Once you’ve learned what you need to build, it’s time to start planning how you are going to make it happen. Before you can start designing a website, you need to know exactly what, and how, to design it in the first place — and it all starts with creating a design strategy.

Your design strategy for each website you make should be handcrafted to fit the client’s vision (if you are designing a site for yourself, then you would qualify as the client).

So what factors will shape your design strategy? The creative brief will act as the foundation of your plan by providing you with some basic information, such as what your timeframes are and who the target audience of the website is.

It’s especially important to know your audience because it will affect where and how the site gets viewed. For example, will you also need to create a mobile version or an iPad-specific version that works with touch?

Research and Note-Taking

Whatever gaps are left in the overall strategic picture will need to be filled by doing some research of your own. Now is the time to visit competing websites and see what types of designs are already out there in the target market so you will know how to differentiate your own design.

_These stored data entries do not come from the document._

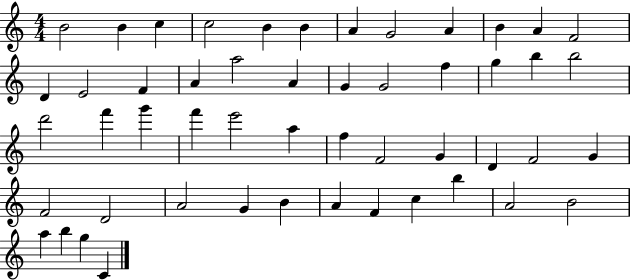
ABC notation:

X:1
T:Untitled
M:4/4
L:1/4
K:C
B2 B c c2 B B A G2 A B A F2 D E2 F A a2 A G G2 f g b b2 d'2 f' g' f' e'2 a f F2 G D F2 G F2 D2 A2 G B A F c b A2 B2 a b g C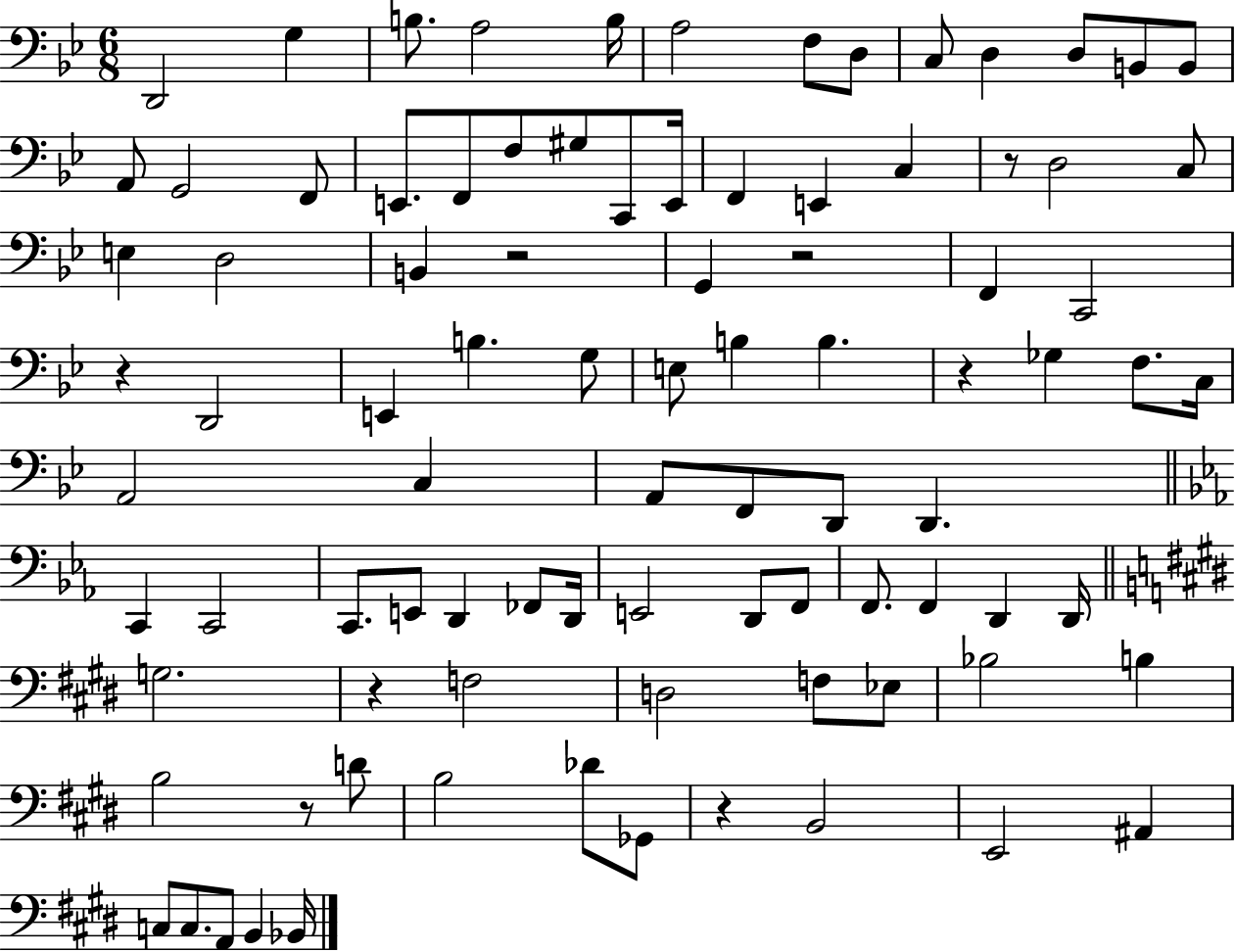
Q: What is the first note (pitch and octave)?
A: D2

See who comes up first in a Google search and try to find out why. Within 10 minutes, you should be able to start piecing together the beginnings of your design plan.

While you are researching, you’ll also start brainstorming about what colors to use, where to place the call(s)-to-action, what kind of fonts you should use and other similar details.

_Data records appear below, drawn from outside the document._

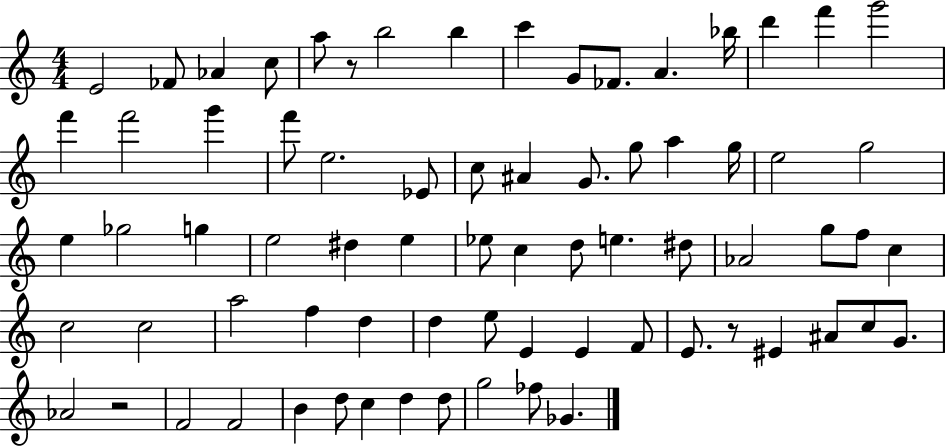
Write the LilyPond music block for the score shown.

{
  \clef treble
  \numericTimeSignature
  \time 4/4
  \key c \major
  e'2 fes'8 aes'4 c''8 | a''8 r8 b''2 b''4 | c'''4 g'8 fes'8. a'4. bes''16 | d'''4 f'''4 g'''2 | \break f'''4 f'''2 g'''4 | f'''8 e''2. ees'8 | c''8 ais'4 g'8. g''8 a''4 g''16 | e''2 g''2 | \break e''4 ges''2 g''4 | e''2 dis''4 e''4 | ees''8 c''4 d''8 e''4. dis''8 | aes'2 g''8 f''8 c''4 | \break c''2 c''2 | a''2 f''4 d''4 | d''4 e''8 e'4 e'4 f'8 | e'8. r8 eis'4 ais'8 c''8 g'8. | \break aes'2 r2 | f'2 f'2 | b'4 d''8 c''4 d''4 d''8 | g''2 fes''8 ges'4. | \break \bar "|."
}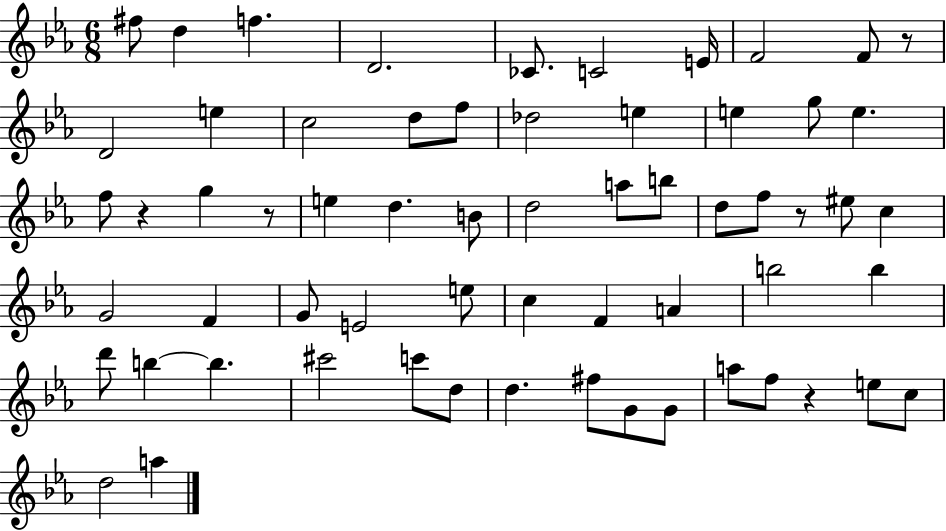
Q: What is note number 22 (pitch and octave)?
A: E5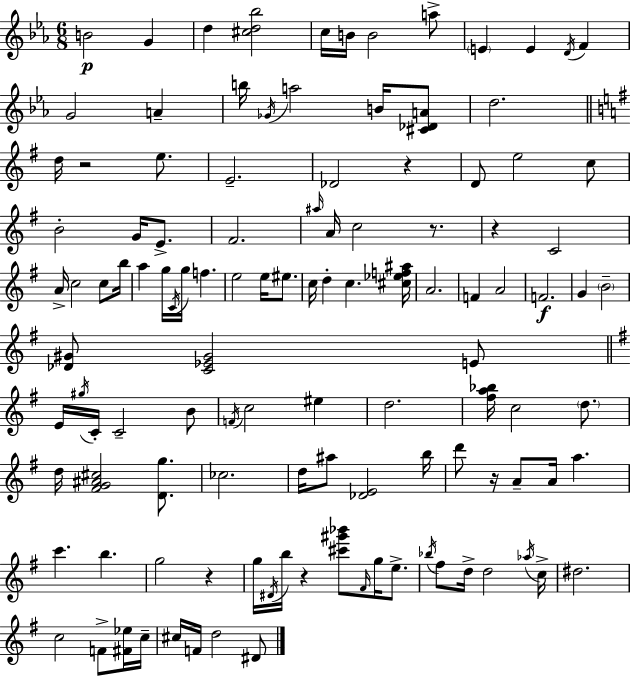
B4/h G4/q D5/q [C#5,D5,Bb5]/h C5/s B4/s B4/h A5/e E4/q E4/q D4/s F4/q G4/h A4/q B5/s Gb4/s A5/h B4/s [C#4,Db4,A4]/e D5/h. D5/s R/h E5/e. E4/h. Db4/h R/q D4/e E5/h C5/e B4/h G4/s E4/e. F#4/h. A#5/s A4/s C5/h R/e. R/q C4/h A4/s C5/h C5/e B5/s A5/q G5/s C4/s G5/s F5/q. E5/h E5/s EIS5/e. C5/s D5/q C5/q. [C#5,Eb5,F5,A#5]/s A4/h. F4/q A4/h F4/h. G4/q B4/h [Db4,G#4]/e [C4,Eb4,G#4]/h E4/e E4/s G#5/s C4/s C4/h B4/e F4/s C5/h EIS5/q D5/h. [F#5,A5,Bb5]/s C5/h D5/e. D5/s [F#4,G4,A#4,C#5]/h [D4,G5]/e. CES5/h. D5/s A#5/e [Db4,E4]/h B5/s D6/e R/s A4/e A4/s A5/q. C6/q. B5/q. G5/h R/q G5/s D#4/s B5/s R/q [C#6,G#6,Bb6]/e F#4/s G5/s E5/e. Bb5/s F#5/e D5/s D5/h Ab5/s C5/s D#5/h. C5/h F4/e [F#4,Eb5]/s C5/s C#5/s F4/s D5/h D#4/e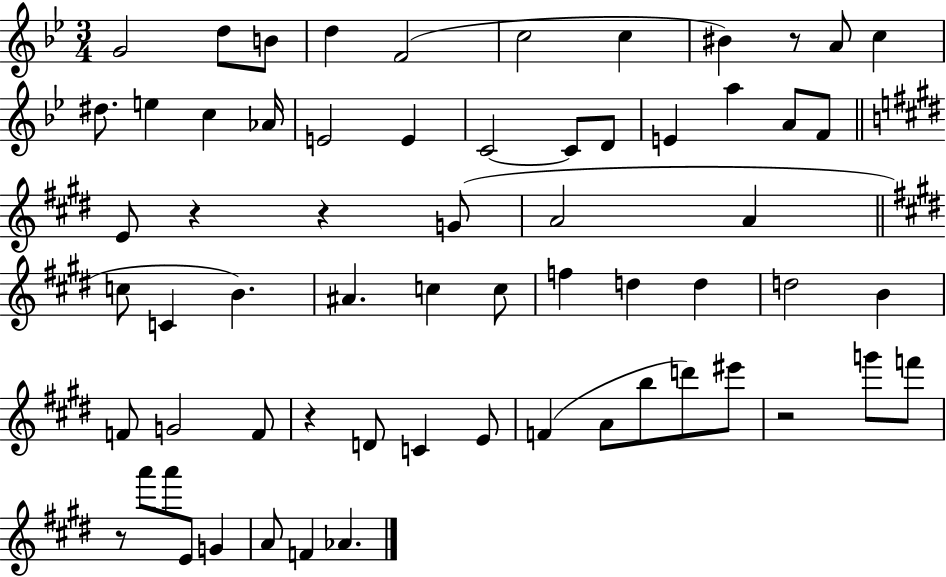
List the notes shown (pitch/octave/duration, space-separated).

G4/h D5/e B4/e D5/q F4/h C5/h C5/q BIS4/q R/e A4/e C5/q D#5/e. E5/q C5/q Ab4/s E4/h E4/q C4/h C4/e D4/e E4/q A5/q A4/e F4/e E4/e R/q R/q G4/e A4/h A4/q C5/e C4/q B4/q. A#4/q. C5/q C5/e F5/q D5/q D5/q D5/h B4/q F4/e G4/h F4/e R/q D4/e C4/q E4/e F4/q A4/e B5/e D6/e EIS6/e R/h G6/e F6/e R/e A6/e A6/e E4/e G4/q A4/e F4/q Ab4/q.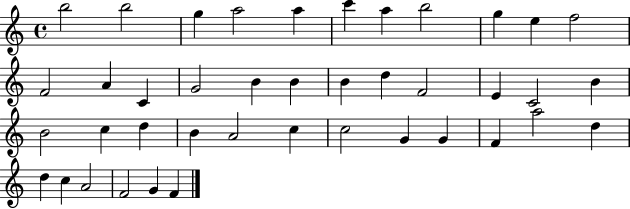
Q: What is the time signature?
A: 4/4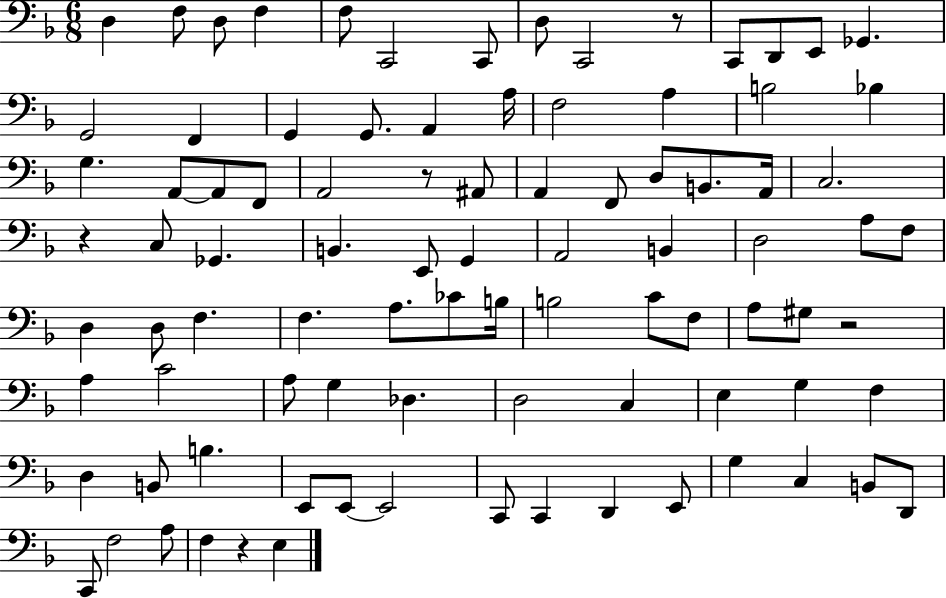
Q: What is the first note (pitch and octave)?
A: D3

At this point, you should also be taking notes, snapping screenshots and starting a mood board.

Sketching and Mock-Up

Next, it’s time to create a mock-up and start letting your ideas take on more of a tangible state. I like to start by sketching out my ideas on a regular old piece of paper, as do many other web designers.

Other people prefer to use a wireframing tool like OmniGraffle. During this phase, not only will you want to start thinking seriously about the layout of the site, but also the structure of your site and how the navigation will shape up.

This is your chance to see what works best and a good place to experiment with different ideas before actually hitting Photoshop or Illustrator to create something more concrete.

Pick Your Tools

This part of the process is also the perfect opportunity to assess which tools you will need to use. You absolutely should not fall into a pattern of using a predetermined set of tools for each site you create. It’s a potentially hazardous practice for everyone involved, including the site’s end users and the client (not to mention how monotonous your portfolio would look).

Put some real thought into what content management system would work the best considering the site’s goals, whether or not including Flash at all is a good idea, and so on.